Bilder: Filmverleih Fotos: Filmverleih
  • Bewertung

    Glitzerndes Musical-Drama über die erste Liebe in den Mühlen der queerfeindlichen Musikindustrie

    Exklusiv für Uncut vom Slash Filmfestival
    Alexis Langlois‘ Langfilmdebüt „Queens of Drama“ nähert sich der Frage an, wie queere Personen in der knallharten Musikindustrie ihre Identität finden und ausleben können. Das Team spinnt daraus eine dramatische, musikalische Liebesgeschichte.

    Zwei wie Tag und Nacht

    Ausgerechnet bei einer Castingshow laufen sich Mimi und Billie Mitte der 00er-Jahre über den Weg und verlieben sich ineinander. Die talentierte, brave und unschuldige Mimi träumt von einer Karriere als Popstar. Billie eckt mit ihrer Kritik am Patriarchat in der Musikindustrie sofort an, ihr direkter, teils vulgärer Punk passt nicht ins Konzept der Show. Eigentlich sind sie verschieden und Mimi möchte ihre Homosexualität vor ihrer Familie verbergen. Und doch sprühen die Funken.

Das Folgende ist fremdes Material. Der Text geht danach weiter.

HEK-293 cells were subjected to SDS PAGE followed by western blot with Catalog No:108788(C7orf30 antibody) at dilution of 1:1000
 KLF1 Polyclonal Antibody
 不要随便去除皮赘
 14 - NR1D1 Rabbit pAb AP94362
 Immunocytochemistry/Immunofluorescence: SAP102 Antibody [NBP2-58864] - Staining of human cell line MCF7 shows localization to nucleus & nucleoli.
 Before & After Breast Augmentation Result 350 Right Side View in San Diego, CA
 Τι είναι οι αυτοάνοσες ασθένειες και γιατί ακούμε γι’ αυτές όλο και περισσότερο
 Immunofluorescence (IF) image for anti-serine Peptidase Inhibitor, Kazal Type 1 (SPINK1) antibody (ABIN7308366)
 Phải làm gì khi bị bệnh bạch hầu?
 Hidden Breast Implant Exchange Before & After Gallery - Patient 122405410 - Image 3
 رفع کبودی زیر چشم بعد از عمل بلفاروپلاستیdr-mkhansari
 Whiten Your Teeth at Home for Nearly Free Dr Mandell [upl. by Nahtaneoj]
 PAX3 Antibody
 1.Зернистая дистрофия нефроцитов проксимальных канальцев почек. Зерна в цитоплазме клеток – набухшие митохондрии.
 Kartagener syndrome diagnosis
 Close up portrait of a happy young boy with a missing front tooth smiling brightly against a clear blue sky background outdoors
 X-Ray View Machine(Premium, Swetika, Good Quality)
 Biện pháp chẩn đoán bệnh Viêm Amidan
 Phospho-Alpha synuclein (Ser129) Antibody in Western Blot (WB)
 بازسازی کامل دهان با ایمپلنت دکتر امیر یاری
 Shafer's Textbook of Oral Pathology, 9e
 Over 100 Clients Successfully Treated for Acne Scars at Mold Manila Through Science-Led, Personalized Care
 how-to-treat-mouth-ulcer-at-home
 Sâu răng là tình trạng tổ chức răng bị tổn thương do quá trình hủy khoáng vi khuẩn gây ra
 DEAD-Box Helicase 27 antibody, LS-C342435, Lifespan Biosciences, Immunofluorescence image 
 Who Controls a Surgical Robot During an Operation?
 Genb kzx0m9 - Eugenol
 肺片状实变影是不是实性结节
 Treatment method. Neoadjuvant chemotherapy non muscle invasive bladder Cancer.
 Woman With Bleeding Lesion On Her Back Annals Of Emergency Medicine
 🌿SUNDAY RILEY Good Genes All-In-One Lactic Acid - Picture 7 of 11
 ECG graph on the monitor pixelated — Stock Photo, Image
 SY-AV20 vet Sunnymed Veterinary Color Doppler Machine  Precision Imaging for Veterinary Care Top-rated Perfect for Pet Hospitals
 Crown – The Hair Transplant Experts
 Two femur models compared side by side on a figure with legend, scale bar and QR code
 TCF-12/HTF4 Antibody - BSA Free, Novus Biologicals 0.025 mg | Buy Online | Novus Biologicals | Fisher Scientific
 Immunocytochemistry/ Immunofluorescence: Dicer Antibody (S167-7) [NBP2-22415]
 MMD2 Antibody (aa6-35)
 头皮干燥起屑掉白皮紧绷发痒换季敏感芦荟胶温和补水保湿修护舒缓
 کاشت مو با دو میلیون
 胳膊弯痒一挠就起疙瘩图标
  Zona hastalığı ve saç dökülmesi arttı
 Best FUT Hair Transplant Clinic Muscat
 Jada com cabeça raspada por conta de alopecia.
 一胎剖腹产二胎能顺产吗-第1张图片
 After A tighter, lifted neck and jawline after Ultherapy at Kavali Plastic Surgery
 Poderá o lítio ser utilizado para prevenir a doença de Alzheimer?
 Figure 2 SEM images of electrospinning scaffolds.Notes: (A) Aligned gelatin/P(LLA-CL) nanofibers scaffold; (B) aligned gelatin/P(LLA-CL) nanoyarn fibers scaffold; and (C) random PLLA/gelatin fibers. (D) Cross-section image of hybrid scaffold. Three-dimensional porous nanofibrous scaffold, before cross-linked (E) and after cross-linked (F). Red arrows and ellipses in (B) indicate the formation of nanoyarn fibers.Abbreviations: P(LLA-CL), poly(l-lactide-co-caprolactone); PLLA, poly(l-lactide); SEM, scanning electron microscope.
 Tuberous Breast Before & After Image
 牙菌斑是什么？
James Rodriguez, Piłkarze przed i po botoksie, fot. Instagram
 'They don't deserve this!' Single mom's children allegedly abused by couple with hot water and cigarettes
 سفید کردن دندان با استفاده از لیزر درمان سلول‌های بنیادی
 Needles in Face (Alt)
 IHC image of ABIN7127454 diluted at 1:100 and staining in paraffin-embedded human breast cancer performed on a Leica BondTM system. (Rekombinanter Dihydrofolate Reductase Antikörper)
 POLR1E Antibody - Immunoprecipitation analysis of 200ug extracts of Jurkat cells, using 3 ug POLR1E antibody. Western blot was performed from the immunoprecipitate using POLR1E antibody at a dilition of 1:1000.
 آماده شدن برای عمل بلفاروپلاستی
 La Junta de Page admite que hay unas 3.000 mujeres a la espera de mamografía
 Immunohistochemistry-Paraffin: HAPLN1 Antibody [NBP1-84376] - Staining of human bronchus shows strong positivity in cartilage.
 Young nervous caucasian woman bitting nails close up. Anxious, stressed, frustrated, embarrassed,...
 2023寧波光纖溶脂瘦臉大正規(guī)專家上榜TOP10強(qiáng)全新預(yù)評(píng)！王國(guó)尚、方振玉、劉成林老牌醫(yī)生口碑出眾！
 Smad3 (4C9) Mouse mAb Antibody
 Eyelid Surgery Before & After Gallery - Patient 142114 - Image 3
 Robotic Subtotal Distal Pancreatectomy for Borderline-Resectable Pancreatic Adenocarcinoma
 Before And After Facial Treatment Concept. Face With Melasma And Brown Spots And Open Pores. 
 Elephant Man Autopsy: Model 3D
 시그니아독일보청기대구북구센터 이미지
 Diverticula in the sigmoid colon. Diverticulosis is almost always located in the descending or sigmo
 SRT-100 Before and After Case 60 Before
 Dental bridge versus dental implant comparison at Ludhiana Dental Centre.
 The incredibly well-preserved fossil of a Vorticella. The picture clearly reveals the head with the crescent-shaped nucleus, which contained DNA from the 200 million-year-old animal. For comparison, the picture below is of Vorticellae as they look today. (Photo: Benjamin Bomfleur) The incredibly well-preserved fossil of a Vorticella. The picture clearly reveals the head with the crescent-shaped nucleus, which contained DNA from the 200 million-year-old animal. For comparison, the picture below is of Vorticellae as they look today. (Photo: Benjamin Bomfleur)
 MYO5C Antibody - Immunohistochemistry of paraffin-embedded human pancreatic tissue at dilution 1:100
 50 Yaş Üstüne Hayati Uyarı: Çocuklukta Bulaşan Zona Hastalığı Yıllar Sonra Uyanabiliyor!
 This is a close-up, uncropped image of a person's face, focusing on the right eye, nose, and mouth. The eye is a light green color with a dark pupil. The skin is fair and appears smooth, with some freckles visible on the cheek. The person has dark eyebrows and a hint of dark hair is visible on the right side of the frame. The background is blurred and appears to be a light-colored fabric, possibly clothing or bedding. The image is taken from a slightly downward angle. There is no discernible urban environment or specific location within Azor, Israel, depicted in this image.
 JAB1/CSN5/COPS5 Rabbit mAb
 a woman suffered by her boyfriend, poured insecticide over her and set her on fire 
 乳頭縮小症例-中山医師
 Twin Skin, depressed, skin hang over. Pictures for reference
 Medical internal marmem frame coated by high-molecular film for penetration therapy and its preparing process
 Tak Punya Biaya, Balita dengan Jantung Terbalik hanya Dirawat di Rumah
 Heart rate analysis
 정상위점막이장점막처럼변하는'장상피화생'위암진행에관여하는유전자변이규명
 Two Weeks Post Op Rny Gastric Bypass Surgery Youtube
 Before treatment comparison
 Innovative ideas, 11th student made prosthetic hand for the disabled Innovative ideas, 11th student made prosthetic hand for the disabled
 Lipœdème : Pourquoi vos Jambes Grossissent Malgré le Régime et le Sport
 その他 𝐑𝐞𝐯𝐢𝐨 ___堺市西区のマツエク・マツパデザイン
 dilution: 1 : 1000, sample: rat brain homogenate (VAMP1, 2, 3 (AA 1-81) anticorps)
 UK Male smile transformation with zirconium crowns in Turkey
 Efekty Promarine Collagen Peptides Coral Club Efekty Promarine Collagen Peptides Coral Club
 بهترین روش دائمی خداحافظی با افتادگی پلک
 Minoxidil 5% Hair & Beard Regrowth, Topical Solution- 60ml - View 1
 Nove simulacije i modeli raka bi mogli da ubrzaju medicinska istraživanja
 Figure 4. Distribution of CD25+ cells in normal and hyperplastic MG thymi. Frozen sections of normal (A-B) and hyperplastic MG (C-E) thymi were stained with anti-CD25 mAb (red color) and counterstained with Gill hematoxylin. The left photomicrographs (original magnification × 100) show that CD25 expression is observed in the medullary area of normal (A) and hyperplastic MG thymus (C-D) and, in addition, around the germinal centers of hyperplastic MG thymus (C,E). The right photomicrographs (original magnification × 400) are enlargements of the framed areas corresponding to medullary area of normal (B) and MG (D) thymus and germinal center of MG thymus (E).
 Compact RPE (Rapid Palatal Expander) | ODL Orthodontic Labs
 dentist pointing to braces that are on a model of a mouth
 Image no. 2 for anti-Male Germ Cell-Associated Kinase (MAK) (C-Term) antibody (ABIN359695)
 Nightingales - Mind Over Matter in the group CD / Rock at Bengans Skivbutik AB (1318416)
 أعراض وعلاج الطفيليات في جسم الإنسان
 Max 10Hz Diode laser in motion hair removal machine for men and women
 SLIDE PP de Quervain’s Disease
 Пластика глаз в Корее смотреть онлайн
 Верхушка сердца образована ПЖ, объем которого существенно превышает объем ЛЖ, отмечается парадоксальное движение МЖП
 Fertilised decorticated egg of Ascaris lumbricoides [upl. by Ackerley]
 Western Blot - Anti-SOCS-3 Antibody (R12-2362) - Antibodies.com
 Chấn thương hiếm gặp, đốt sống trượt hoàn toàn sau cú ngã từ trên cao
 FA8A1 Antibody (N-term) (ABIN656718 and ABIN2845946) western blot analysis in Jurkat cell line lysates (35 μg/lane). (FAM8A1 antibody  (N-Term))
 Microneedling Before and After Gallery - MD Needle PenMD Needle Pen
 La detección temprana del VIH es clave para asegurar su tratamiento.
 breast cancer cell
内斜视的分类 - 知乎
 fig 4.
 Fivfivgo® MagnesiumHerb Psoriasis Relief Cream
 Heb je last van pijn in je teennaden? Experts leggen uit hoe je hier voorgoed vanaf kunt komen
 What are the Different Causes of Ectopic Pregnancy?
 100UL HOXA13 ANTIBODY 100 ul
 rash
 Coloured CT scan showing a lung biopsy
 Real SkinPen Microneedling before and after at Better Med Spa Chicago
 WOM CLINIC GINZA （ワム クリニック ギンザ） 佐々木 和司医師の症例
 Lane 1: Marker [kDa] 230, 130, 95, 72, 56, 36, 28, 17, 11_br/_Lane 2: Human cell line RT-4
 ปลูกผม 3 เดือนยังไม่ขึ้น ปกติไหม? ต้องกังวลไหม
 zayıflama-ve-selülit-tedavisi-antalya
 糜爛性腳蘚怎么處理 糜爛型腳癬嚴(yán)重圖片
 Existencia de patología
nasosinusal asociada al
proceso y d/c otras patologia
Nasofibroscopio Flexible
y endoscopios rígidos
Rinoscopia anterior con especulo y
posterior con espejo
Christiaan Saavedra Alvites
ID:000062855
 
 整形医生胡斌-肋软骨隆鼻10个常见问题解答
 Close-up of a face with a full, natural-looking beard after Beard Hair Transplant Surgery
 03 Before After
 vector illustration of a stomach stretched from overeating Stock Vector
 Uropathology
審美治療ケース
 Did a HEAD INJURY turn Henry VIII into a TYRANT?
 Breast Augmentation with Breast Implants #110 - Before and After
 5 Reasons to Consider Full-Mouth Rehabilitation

    Show und Karriere als Zerreißprobe

    Mit ein wenig Coaching einer ehemaligen Diva, die nunmehr als Jurorin bei einer typischen Castingshow gelandet ist, nähert sich Mimi schnell dem Bild vom perfekten Teenie-Idol an. Während sie immer erfolgreicher wird, muss sie Billie auf Distanz halten, um ihr Image und somit ihre Karriere nicht zu gefährden. Über ihre Musik verhandeln die beiden ihre Beziehung aus. Bald öffentlich, denn die Popwelt scheint das zu verlangen.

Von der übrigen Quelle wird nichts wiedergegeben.